Despite this victory, several communities in this watershed go without a functioning river for all but a few weeks a year, including Las Cruces, New Mexico and El Paso, Texas. It’s one of the reasons why Jen advocates for leaving at least 20% of the river’s flow in the river to serve as transit water. It would provide an obvious environmental and ecological benefit, but it would also provide equity to those downstream communities. 

“They don’t have a functioning river in El Paso or in Las Cruces. It’s just a dry creek bed,” says Jen. “It deprives communities of this lifeblood. Communities don’t have a living river. They don’t have a river they can walk by. They just have a big ditch.”

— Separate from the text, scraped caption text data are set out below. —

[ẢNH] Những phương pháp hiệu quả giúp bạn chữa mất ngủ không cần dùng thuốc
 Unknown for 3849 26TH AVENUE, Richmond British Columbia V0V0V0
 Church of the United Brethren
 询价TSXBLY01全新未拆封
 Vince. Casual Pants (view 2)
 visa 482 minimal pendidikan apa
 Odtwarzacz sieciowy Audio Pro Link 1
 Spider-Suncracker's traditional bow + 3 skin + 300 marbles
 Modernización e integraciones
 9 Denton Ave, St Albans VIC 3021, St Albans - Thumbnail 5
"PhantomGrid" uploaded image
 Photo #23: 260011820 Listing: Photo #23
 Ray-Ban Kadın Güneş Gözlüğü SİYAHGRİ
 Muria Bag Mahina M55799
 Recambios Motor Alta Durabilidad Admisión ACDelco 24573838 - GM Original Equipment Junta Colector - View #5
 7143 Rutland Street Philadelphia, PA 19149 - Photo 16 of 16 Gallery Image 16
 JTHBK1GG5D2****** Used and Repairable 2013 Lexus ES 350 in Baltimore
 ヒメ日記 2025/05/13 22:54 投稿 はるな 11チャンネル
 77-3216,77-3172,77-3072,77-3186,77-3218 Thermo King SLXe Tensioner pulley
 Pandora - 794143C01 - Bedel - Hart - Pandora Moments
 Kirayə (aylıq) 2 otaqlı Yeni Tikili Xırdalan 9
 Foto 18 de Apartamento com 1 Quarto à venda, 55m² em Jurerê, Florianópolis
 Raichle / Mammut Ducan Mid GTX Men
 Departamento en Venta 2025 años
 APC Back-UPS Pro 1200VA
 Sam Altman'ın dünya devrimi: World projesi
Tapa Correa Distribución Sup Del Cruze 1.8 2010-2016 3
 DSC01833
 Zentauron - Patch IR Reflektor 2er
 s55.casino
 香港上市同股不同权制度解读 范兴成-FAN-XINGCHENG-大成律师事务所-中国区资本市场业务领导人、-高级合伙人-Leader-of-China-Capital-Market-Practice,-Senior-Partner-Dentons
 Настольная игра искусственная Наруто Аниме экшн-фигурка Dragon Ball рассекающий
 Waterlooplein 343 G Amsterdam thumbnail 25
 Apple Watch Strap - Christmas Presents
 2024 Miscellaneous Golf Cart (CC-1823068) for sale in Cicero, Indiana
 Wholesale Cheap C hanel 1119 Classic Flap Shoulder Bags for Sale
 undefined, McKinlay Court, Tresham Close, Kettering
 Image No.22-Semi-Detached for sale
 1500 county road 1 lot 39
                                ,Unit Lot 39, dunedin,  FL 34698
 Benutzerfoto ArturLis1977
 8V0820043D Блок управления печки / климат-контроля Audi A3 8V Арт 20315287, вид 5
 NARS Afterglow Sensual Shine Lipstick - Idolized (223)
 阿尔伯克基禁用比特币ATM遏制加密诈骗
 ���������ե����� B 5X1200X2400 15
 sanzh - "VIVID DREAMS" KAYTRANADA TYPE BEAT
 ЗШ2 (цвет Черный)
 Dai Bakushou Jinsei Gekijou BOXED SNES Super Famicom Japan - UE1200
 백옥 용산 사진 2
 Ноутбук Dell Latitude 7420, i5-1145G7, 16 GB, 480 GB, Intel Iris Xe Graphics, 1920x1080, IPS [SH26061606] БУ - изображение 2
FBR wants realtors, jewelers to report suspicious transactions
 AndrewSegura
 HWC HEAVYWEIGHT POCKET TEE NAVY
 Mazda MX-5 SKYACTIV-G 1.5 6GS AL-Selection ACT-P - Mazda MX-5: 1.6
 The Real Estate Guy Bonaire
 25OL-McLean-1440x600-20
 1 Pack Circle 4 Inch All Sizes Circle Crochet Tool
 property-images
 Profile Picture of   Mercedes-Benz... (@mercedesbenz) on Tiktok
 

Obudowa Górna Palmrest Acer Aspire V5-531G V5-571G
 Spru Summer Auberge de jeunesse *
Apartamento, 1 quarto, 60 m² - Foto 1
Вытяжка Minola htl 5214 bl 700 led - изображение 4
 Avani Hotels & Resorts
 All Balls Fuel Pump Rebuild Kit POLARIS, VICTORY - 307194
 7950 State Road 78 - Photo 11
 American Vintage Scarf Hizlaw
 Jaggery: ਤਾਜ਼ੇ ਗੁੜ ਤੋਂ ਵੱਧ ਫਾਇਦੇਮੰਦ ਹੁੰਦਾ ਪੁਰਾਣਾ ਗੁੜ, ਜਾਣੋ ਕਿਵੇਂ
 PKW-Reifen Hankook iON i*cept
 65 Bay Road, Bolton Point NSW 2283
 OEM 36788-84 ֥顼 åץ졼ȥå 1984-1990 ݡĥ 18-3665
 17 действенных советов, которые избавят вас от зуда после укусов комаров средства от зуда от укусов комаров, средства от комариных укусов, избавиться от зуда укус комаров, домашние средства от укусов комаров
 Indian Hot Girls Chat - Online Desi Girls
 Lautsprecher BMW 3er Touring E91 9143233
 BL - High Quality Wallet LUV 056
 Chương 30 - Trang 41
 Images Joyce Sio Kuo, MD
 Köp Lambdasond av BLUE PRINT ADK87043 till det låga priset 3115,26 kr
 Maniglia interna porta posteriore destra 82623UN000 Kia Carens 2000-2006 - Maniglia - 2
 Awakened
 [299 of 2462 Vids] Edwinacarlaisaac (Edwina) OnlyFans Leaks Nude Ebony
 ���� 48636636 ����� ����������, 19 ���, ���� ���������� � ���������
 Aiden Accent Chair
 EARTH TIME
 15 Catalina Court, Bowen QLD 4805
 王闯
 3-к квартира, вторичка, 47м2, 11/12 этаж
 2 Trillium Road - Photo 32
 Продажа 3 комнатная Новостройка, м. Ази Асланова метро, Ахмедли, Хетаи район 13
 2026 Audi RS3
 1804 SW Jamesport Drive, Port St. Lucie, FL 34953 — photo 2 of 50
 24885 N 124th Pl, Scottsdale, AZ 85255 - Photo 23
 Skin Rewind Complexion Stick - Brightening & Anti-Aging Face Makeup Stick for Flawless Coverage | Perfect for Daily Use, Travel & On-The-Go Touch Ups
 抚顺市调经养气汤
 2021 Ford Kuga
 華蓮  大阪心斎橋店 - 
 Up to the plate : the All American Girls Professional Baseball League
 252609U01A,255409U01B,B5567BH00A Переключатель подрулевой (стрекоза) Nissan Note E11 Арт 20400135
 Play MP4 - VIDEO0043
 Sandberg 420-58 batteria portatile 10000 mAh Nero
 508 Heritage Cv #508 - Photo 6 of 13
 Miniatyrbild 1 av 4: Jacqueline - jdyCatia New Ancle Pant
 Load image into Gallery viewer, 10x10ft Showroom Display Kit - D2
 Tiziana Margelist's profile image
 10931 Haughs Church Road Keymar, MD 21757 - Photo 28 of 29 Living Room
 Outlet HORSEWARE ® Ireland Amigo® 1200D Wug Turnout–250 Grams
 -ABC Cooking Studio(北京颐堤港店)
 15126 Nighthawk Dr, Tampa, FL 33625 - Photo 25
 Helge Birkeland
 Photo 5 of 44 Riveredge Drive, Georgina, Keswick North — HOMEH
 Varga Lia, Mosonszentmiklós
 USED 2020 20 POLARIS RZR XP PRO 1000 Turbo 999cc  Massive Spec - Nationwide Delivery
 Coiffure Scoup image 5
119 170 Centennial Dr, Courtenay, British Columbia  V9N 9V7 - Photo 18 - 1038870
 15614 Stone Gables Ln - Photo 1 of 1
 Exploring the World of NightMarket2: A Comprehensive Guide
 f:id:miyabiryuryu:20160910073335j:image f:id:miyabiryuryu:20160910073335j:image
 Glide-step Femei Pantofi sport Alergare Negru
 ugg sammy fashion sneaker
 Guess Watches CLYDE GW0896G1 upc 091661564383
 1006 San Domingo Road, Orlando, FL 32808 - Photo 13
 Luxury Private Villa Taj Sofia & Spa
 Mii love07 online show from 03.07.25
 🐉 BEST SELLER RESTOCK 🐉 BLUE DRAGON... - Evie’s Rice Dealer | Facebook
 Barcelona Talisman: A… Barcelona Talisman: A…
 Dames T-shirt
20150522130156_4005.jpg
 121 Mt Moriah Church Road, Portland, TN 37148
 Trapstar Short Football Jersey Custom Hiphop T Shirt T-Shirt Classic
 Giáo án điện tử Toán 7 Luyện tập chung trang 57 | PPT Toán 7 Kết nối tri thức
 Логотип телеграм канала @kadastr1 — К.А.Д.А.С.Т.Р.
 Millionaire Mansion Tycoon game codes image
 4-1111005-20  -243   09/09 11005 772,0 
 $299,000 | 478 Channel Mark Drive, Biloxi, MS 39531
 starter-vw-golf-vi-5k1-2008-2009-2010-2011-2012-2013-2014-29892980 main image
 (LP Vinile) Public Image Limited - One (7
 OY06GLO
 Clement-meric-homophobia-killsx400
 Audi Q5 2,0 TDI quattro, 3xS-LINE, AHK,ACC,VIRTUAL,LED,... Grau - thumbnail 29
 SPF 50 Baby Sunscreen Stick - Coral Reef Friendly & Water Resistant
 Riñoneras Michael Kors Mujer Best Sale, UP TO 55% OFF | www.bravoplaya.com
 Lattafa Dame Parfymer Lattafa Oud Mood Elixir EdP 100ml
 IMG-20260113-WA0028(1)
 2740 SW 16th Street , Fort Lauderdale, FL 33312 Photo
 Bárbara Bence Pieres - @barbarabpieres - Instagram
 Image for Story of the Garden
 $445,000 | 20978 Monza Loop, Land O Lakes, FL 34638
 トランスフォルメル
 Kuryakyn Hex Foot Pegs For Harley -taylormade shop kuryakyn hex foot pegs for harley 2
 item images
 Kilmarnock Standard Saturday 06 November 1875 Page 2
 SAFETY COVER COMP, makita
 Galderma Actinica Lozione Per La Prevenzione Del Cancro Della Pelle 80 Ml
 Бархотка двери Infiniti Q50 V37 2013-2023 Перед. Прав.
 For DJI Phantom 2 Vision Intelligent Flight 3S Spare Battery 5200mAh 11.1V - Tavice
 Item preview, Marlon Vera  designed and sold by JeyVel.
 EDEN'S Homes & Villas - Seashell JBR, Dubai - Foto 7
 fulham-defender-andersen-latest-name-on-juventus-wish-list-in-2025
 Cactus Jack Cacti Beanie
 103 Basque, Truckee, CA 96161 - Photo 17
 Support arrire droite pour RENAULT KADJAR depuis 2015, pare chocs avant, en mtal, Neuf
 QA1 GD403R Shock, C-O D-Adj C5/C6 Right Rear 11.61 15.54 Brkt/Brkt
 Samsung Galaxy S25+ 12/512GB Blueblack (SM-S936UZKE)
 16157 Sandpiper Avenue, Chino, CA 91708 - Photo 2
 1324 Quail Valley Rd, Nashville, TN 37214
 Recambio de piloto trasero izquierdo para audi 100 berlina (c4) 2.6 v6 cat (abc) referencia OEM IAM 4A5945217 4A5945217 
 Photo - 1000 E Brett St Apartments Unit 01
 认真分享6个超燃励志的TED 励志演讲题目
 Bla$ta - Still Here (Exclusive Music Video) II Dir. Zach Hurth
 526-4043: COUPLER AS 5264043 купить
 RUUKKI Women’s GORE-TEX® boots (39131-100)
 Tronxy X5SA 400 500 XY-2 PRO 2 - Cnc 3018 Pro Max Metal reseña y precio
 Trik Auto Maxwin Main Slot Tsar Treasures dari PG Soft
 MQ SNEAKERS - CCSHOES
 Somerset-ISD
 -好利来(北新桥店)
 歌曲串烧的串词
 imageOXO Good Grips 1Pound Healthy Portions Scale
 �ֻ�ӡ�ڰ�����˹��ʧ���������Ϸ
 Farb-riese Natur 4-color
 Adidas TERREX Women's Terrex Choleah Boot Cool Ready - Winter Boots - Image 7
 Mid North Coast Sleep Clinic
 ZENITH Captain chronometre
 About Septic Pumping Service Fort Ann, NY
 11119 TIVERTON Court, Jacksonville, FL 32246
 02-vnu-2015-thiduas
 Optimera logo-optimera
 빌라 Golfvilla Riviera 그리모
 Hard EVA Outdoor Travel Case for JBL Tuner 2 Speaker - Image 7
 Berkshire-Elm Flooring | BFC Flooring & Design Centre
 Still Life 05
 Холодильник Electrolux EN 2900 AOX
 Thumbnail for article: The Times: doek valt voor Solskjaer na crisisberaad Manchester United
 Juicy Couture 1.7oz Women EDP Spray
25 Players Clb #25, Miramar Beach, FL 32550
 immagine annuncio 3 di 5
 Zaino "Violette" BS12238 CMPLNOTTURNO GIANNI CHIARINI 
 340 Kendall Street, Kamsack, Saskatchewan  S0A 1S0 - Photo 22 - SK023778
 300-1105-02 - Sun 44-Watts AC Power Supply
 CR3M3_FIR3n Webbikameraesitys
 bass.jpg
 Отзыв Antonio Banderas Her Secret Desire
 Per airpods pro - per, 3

This ephemeral nature of the river and many of its tributaries presents additional threats from a legal standpoint. Or anyway that’s what happened when the Trump administration’s EPA sought to redefine Clean Water Act protections for waters of the United States, or WOTUS. Under their definition, more than 90 percent of the tributaries that provide water to the Rio Grande would lose federal protections, despite the fact that the river provides drinking water and irrigation for over 6 million people. In New Mexico, this is particularly problematic given there are no state-level protections for waterways. 

“There’s a stream that runs from the Los Alamos National Laboratory, which is a legacy pollution site of the worst kind, upstream of the diversion for the city of Santa Fe’s drinking water. So under this ruling, Los Alamos can just dump radioactive waste into that river, if it’s convenient,” says Jen. “If you want your parents, or kids, or friends to retain their place in the community, you really have to protect every drop in the stream.”

Jen credits Waterkeeper Alliance, and specifically Senior Attorney Kelly Hunter Foster, for giving her the opportunity to do this kind of work on WOTUS. The ‘two-way partnership’ allowed her to lend her on-the-ground knowledge and combine it with Kelly’s very specific legal acumen on WOTUS. Most importantly, it allowed Jen to speak up for her waterway. It’s something she encourages others in her community to do.  

“People in the community have the best stories. They have rivers that run by their houses, rivers they played in when they were kids,” says Jen. “And they can attest to the importance of rivers that don’t flow year round. We try to get folks to speak out and say how these rivers are really important.”

Another way Jen speaks out for her waterway is by way of the opinion section of several newspapers, including the Santa Fe New Mexican, the Albuquerque Journal, and the Denver Post

“I think there’s a lot of people who are just doing more of the same in western water law. But it’s not working,” says Jen. “I had to find a way to offer a new vision.”